When Shinzo Abe, the Japanese prime minister, mourns the victims of Pearl Harbor in a historic visit this month, he will be following in the footsteps of his controversial and flamboyant wife.
The visit on Boxing Day will mark an important step in US-Japanese relations, 75 years after the attack on the naval base in Hawaii triggered America’s entry into the Second World War.
However, it was Akie Abe, 54, who blazed the trail for her husband. The former DJ, who owns a health food restaurant in Tokyo, made the trip in August, raising questions over whether her husband would follow suit.
“I understand that there are various debates and stances on Pearl Harbor, but I think we have to pass on the memory to the next generation, transcending the feelings of hate and anger,” Akie Abe said.
Her impromptu visit was met with embarrassment from the Japanese government, which declined to comment on what it described as a personal visit.
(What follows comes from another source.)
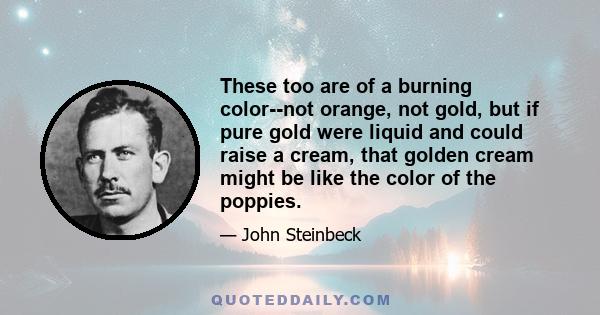 These too are of a burning color--not orange, not gold, but if pure gold were liquid and could raise a cream, that golden cream might be like the color of the poppies.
Four months later, Shinzo is following suit. His trip will come a fortnight after he meets Vladimir Putin to discuss four Pacific islands seized by the Red Army in 1945. Resolution of this issue could pave the way for Russia and Japan to sign a peace treaty formally marking the end of the Second World War.
The Abes have been married for almost 30 years but Akie has been one of her husband’s most prominent critics, speaking out against policies with which she disagrees — and admitting she starts “nagging him” when he comes home from work.
Last week she offered herself as a “household hotline”, suggesting critics voice concerns through her. “I want to pick up and pass on the views that don’t get through to my husband or his circle,” she said.
When she is not attending official meetings Akie dances the flamenco, tends to her bees and grows organic rice that is served in her restaurant.